Since his death in the 1970s she has lived alone but Barbara revealed “she has never claimed a penny”.
During the Second World War, Eileen raised the couple’s two children, John and his elder brother Maurice, now 82, while her husband served in the Army.
Barbara said: “When I heard that the council had done a u-turn it was just relief, we were all very upset the last fortnight and very stressed.
“Mum has been very happy there and suddenly to think she would need to be moved was terrible.
“We did not expect her to live this long, we all thought the money from her house would have covered it.”
Barbara said when they told Eileen that she’d have to move the grandmother-of-two insisted that her pension would help but it too wouldn’t cover the costs.
Eileen is due to celebrate her birthday with friends and family at a buffet at Avondale care home on Saturday.
Last year the home organised for TV star Angela Rippon to pay Eileen a visit, and she received a card from The Queen.

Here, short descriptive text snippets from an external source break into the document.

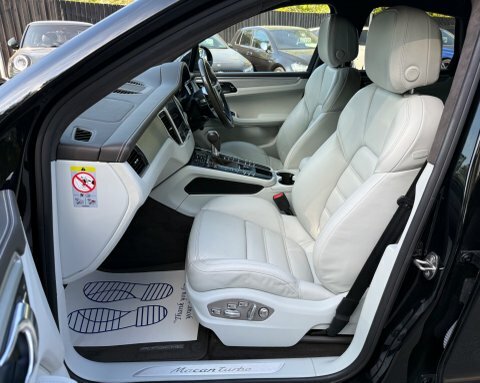 Porsche Macan Turbo Pdk - WN18ZWL Black #3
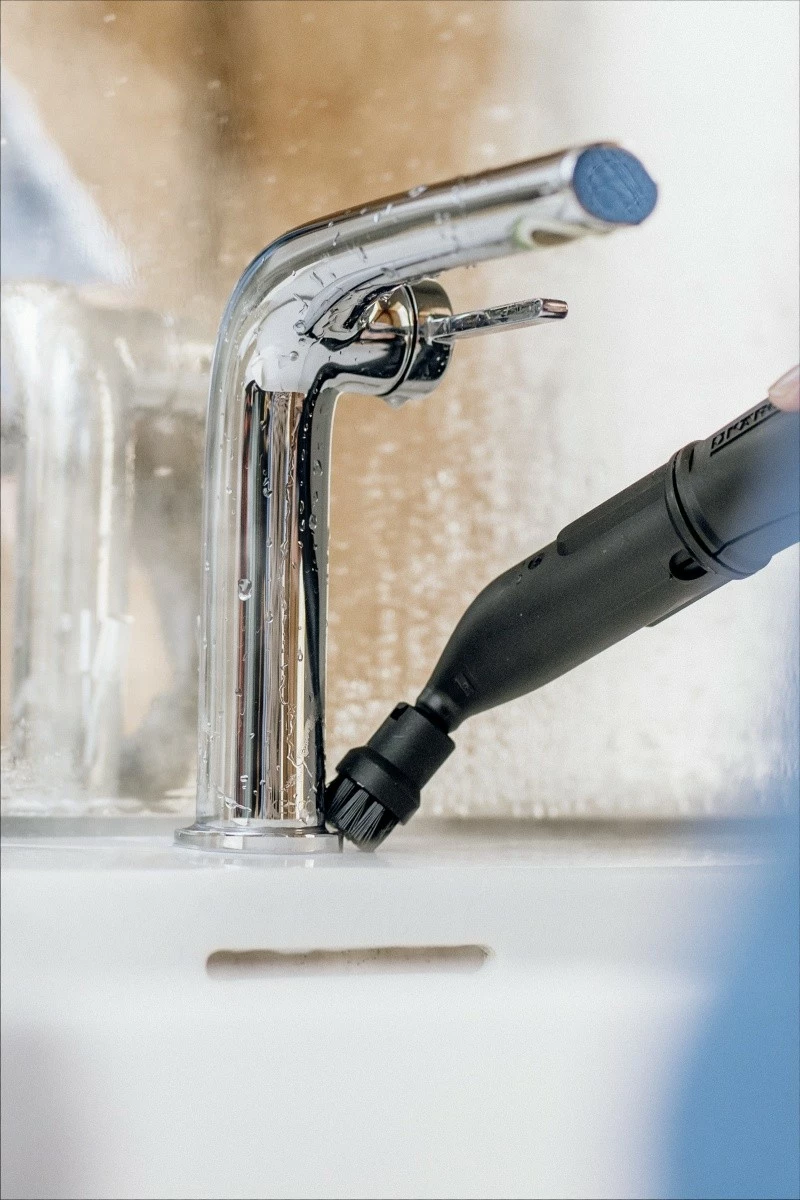 Parni čistilec z likalnikom Karcher SC 5 EasyFix Iron, 1,5 L, 2250 W, črn/bel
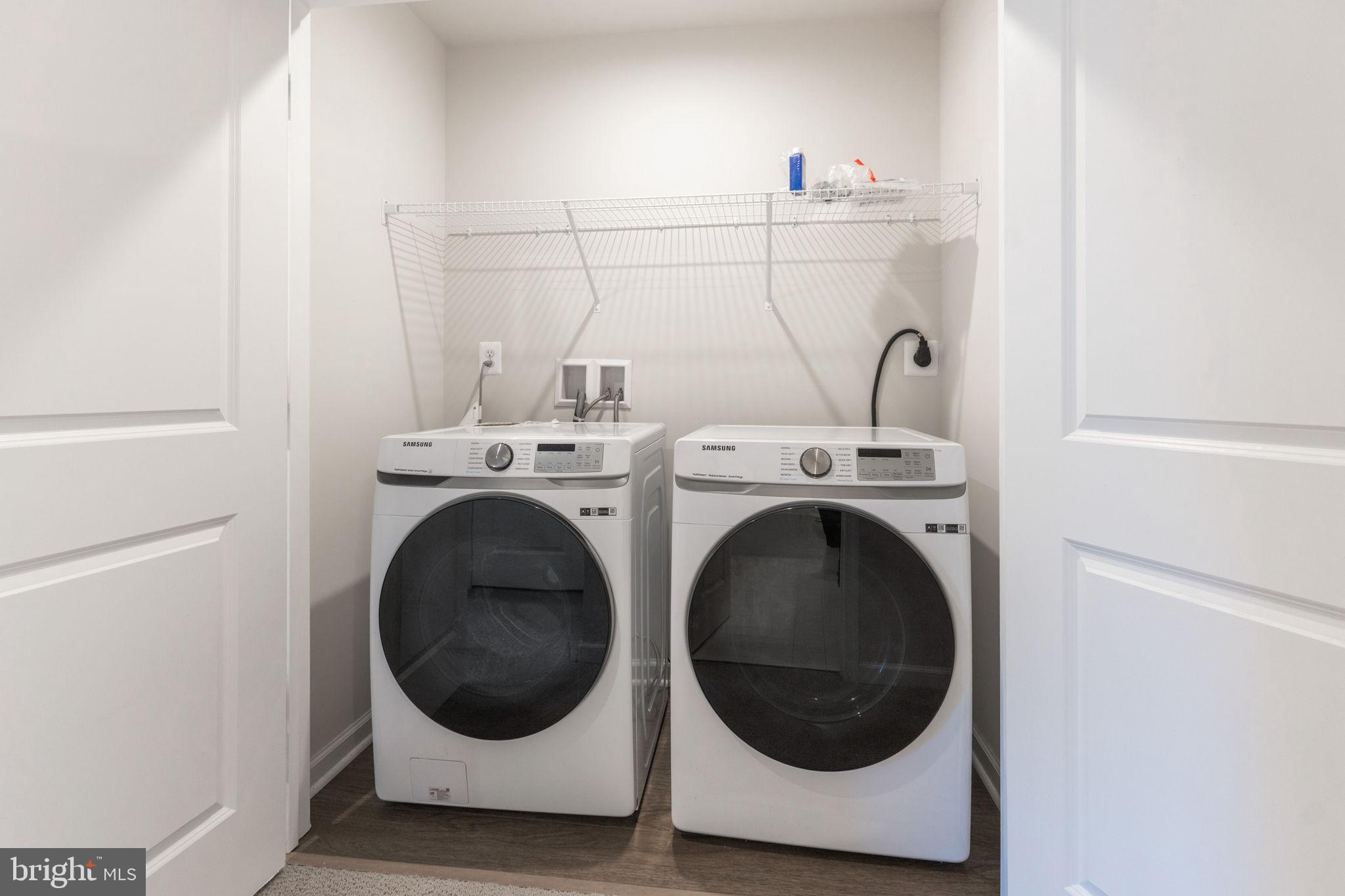 GLENN DALE COMMONS - Residential Lease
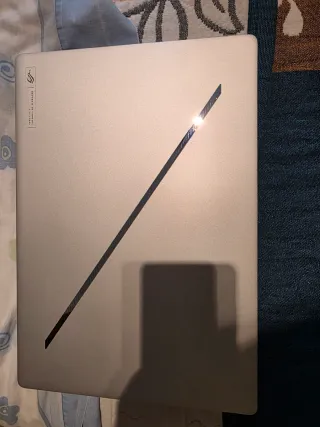 Asus ROG Zephyrus G16. Oled. 4070 RTX. AMD Ryzen.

A spokesman for Bucks County Council said: “The council has a duty to meet an individual’s eligible social care needs with the most cost-effective option available.
“This may include a range of choices and the individual and/or family may top up the available resource to have a wider choice such as a selected care home.
“In some scenarios, an individual may make private arrangements with a care home and once their funds reach a certain threshold they may contact the council regarding ongoing funding.
“In such cases we work with the family to explore options that best fulfil the assessed needs of the vulnerable person themselves.
“The council may be able to source a care home place at a significantly reduced cost which is able to meet the individual’s eligible social care needs and the individual will be required to either to move care home or arrange a third party top up via their family or friends.
“However, continuity of care is an important consideration in the decision that is made, so often the person will remain in the care home where they are currently living with council funding.
“The council endeavours to make decisions in these cases as soon as possible, though the length of time to complete the assessment and decision making processes can vary depending on the individual case.”